- WHAT NEEDS TO BE DONE: Please copy every line of the records below that holds the word "https".
_ _ _
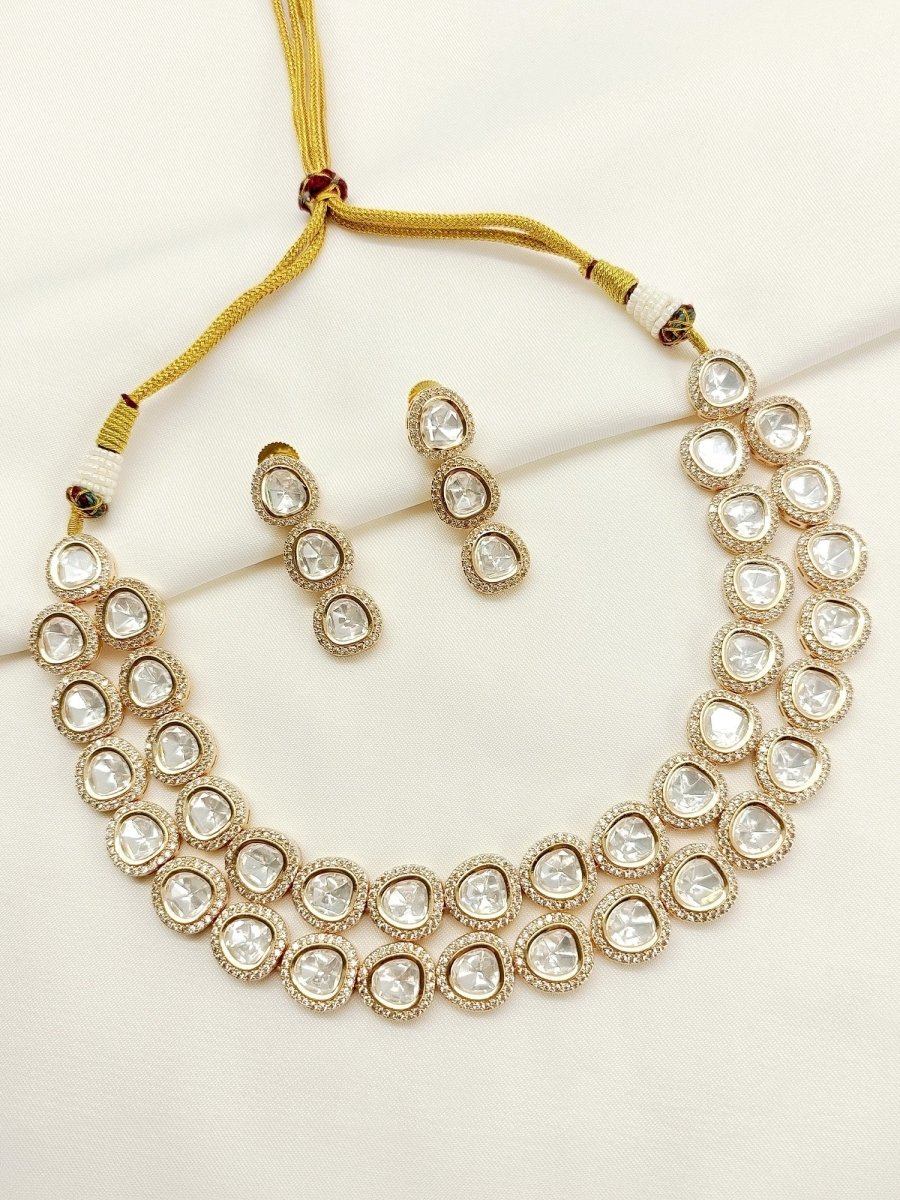 Gurpraveen White Kundan Choker Set - House of Sarvati LLC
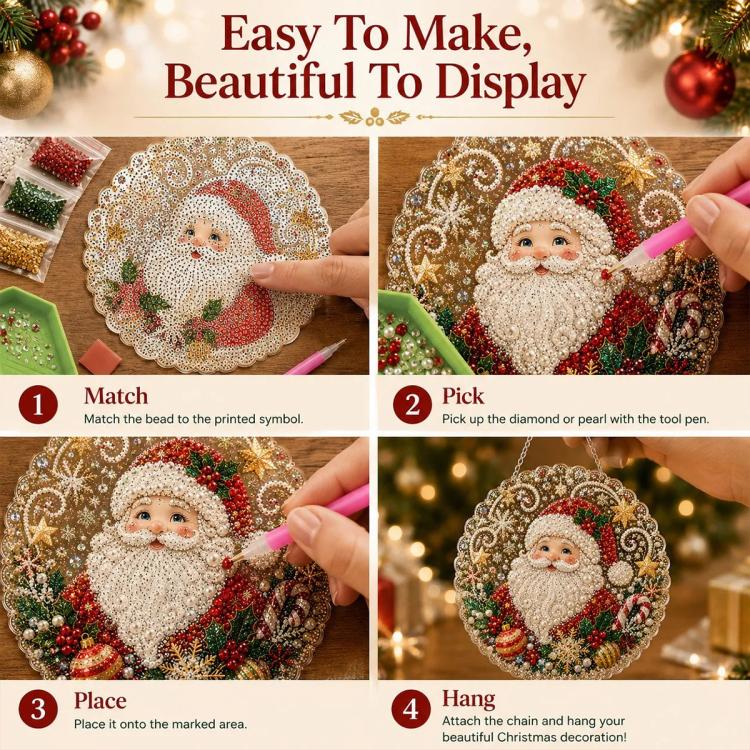Christmas Pearl Diamond Art Hanging Ornament Kit DIY Material Kit, White Packaging Box, Color Packaging Box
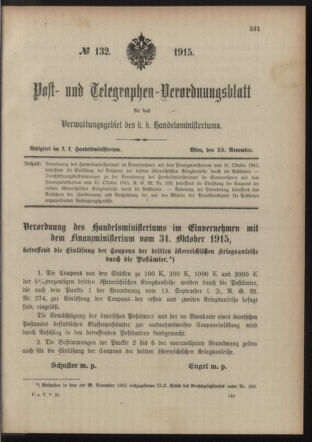 Post- und Telegraphen-Verordnungsblatt für das Verwaltungsgebiet des K.-K. Handelsministeriums 19151125 Seite: 1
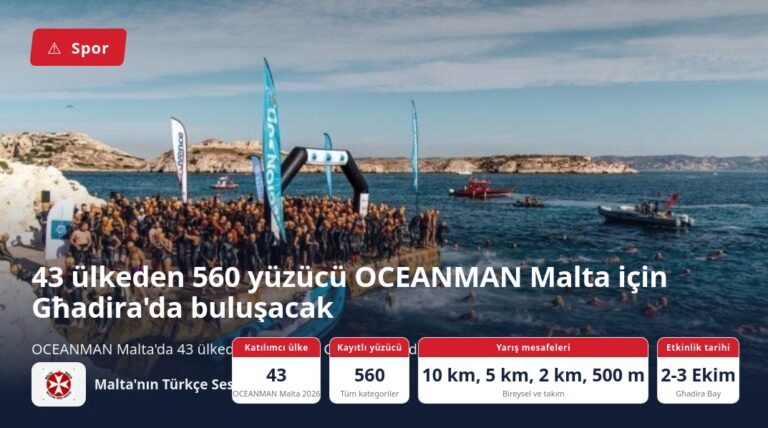 43 ülkeden 560 yüzücü OCEANMAN Malta için Għadira’da buluşacak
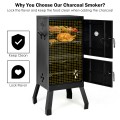 Vertical 2-tier Outdoor Barbeque Grill with Temperature Gauge - Gallery View 5 of 8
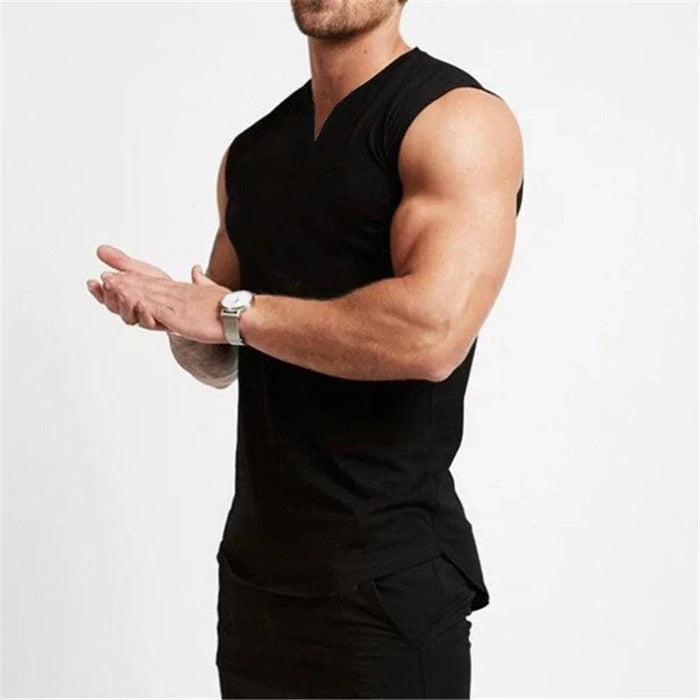 Men's V Neck Cotton Muscle Tank Top - Sleeveless Gym Wear for Bodybuilding and Fitness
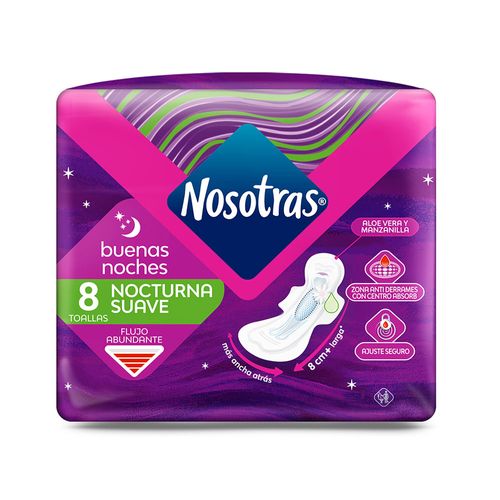 Toallas Femeninas Nosotras Nocturnas Suave 8u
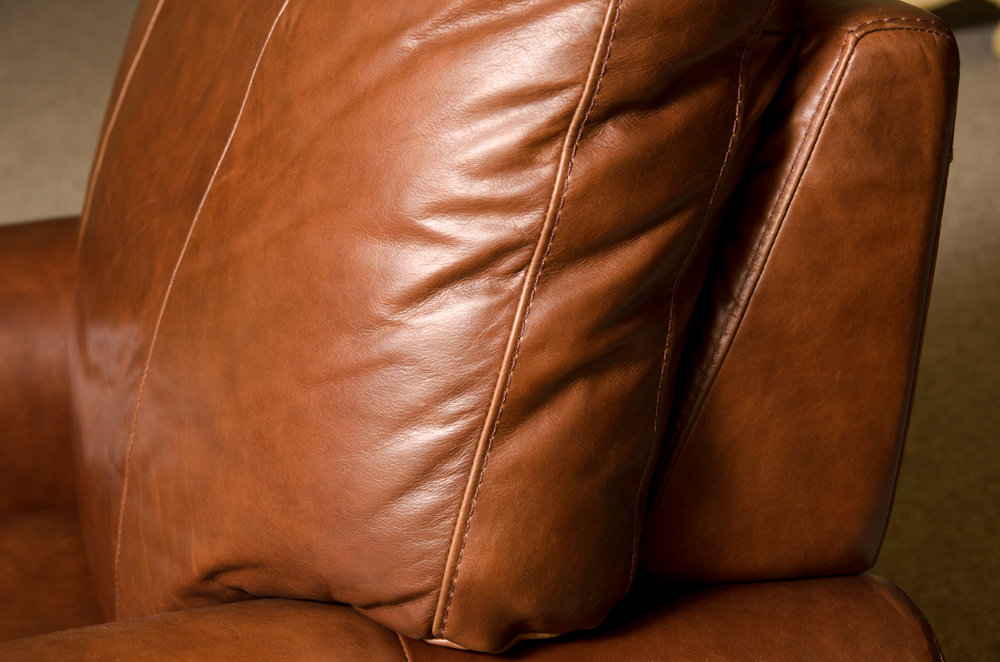 Brown Leather Nail Head Trim Recliner Chair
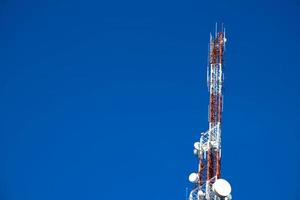 Telecommunication tower of 4G and 5G cellular. Antenna transmission communication. Cell phone signal base station. photo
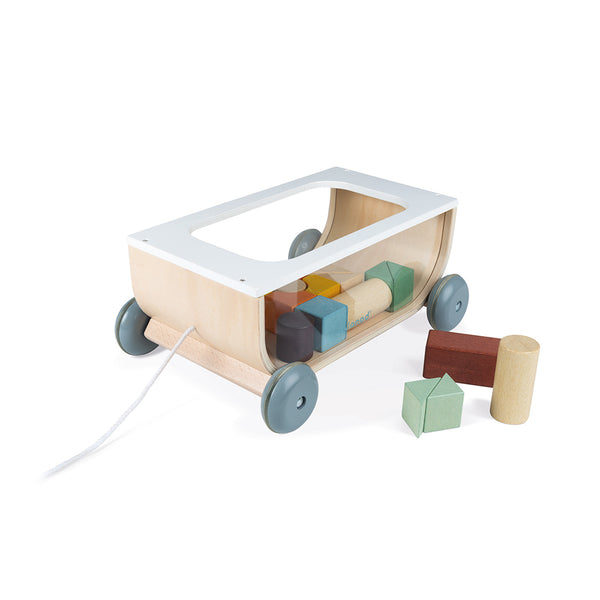 Janod Sweet Cocoon Cart With Blocks (J04407) | The Nest Attachment Parenting Hub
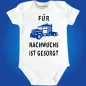 Preview: Baby‑Body mit Spruch „Hurra hurra der Nachwuchs ist da“ und LKW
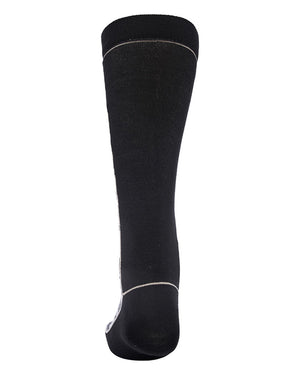 Back view of the XTM Trooper sock in Black Camo, plain black with a fine white line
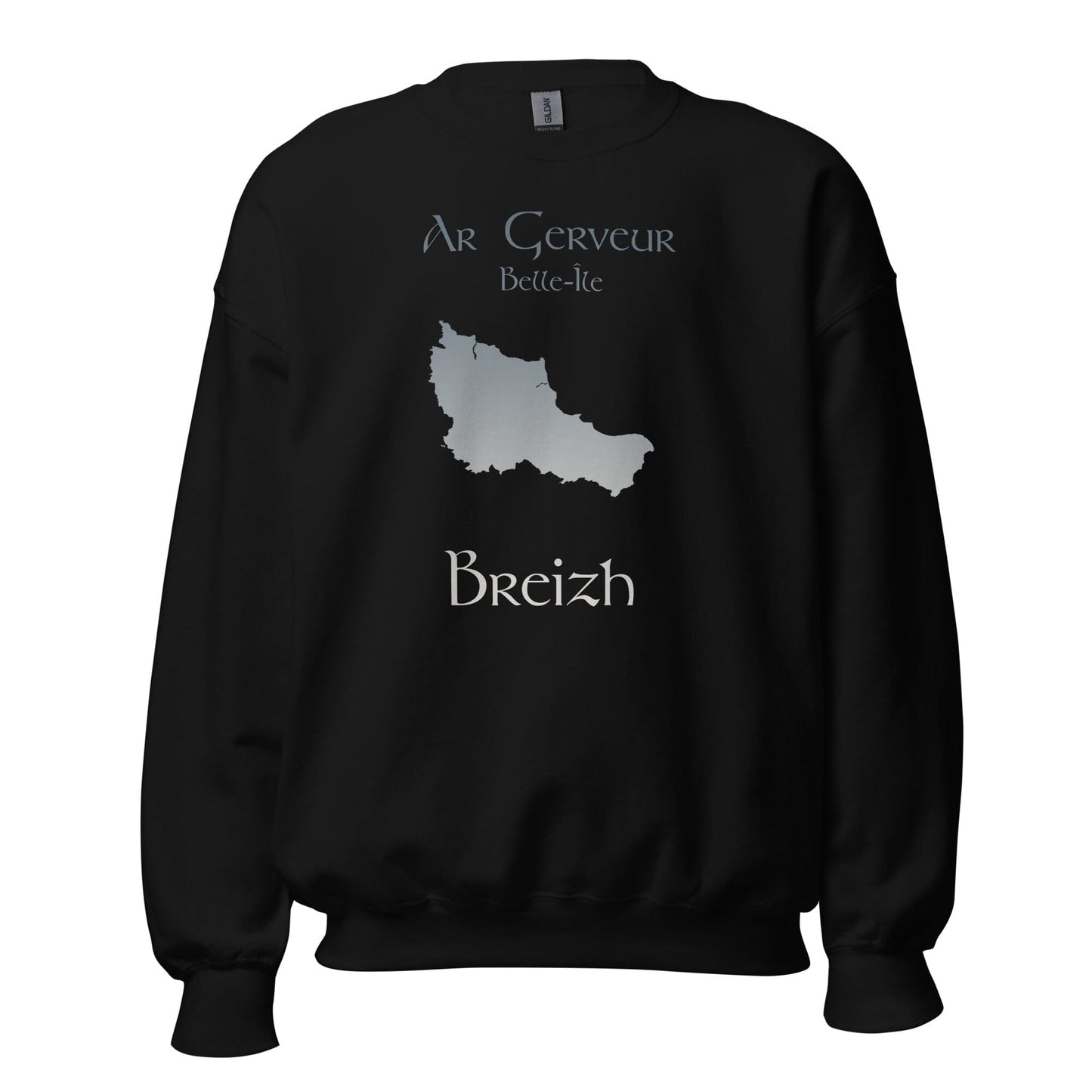 Sweatshirt Unisexe à Col Rond Ar Gerveur Belle-île sweat-shirt Bevet Breizh Noir S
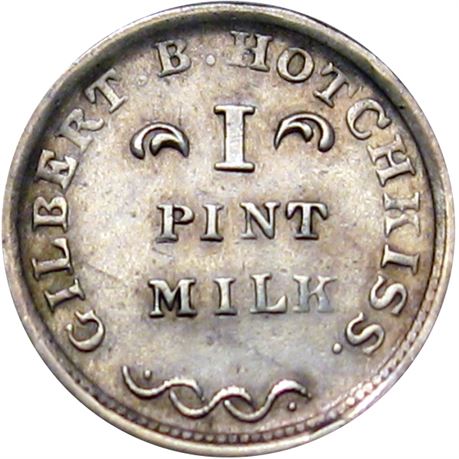 185  -  CT560aA-1b fp R8 Raw AU Details Waterbury Connecticut Civil War token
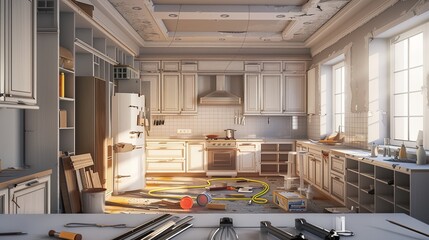 Poster - A modern kitchen undergoing renovation with new cabinets being installed, countertops in progress, and tools scattered around. Generative AI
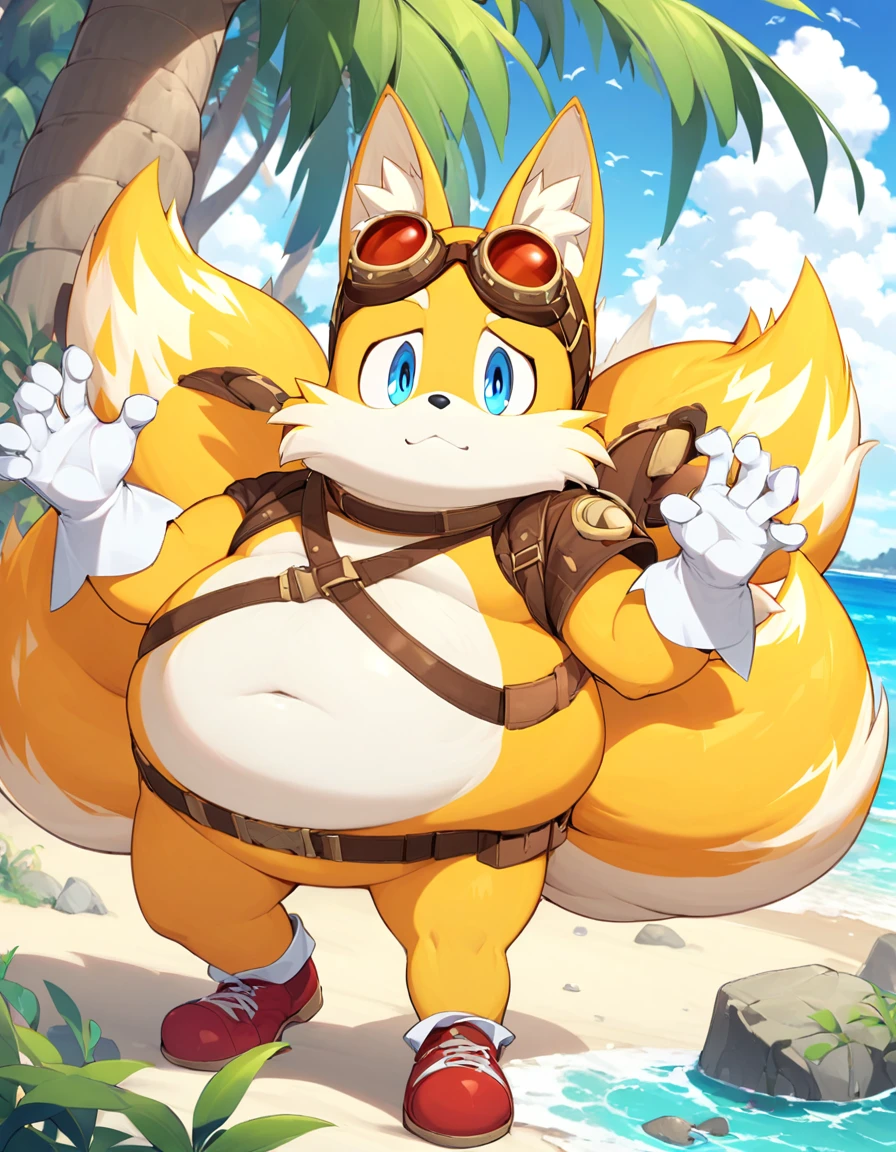 fat tails_boom, solo, obese body, blue eyes, gloves, 1boy, animal ears, male focus, white gloves, fox ears, two tails in back, goggles, big checks, thick thighs, cute, furry, goggles on ,furry male, animal nose, fox boy,  ocean, forest, coast, sand, red shoes, palm, palms, trees, stones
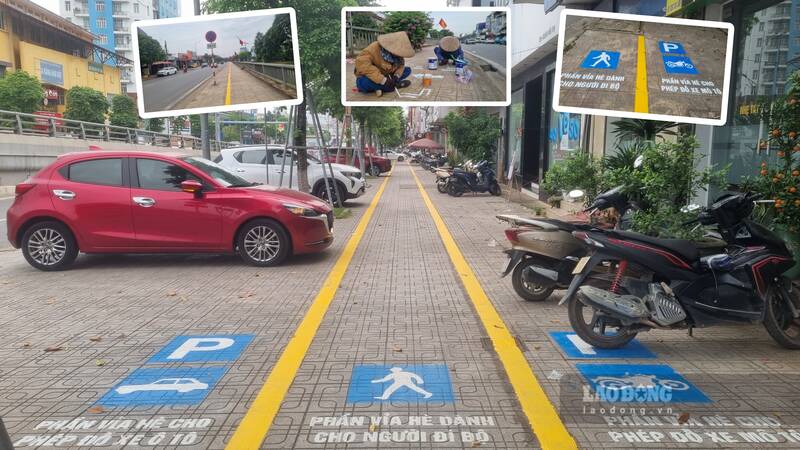 División de carriles de acera en las calles centrales de Thai Nguyen. Foto de : Viet Bac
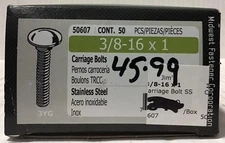 MIDWEST FASTENERS 3/8-16 X 1 STAINLESS STEEL CARRIAGE BOLTS 50607 (50-COUNT BOX)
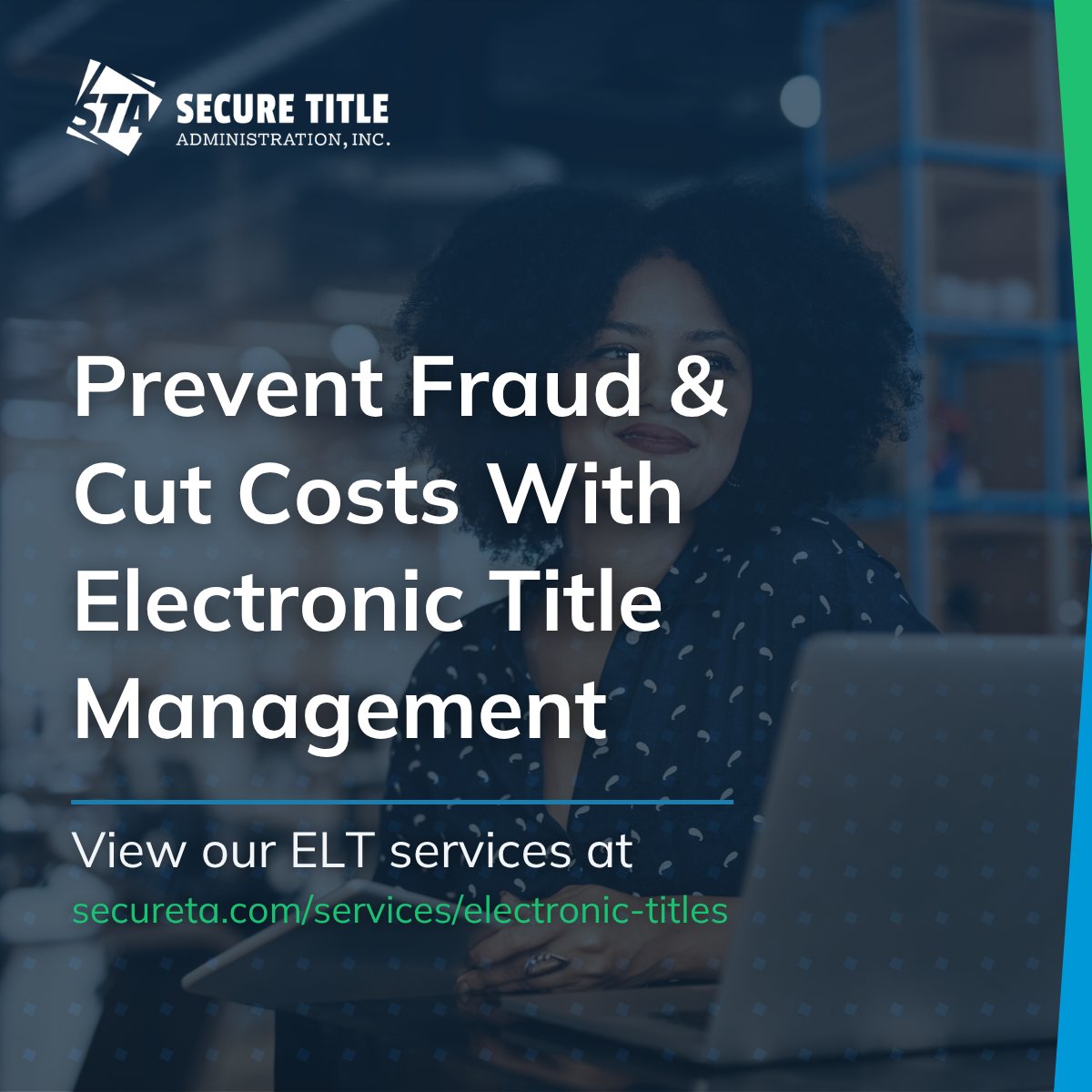 securetitle's tweet photo. Modernize your title management process with STA.

Reduce paperwork, help prevent fraud, and improve efficiency with secure electronic title management.

View our ELT services at: https://t.co/XKBjsi66MR 

#SecureTitleAdministration #ELT #ElectronicTitle #FraudPrevention https://t.co/FBbUWCxSOm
_ _ _
- TASK RESULT:
View our ELT services at: https://t.co/XKBjsi66MR 
#SecureTitleAdministration #ELT #ElectronicTitle #FraudPrevention https://t.co/FBbUWCxSOm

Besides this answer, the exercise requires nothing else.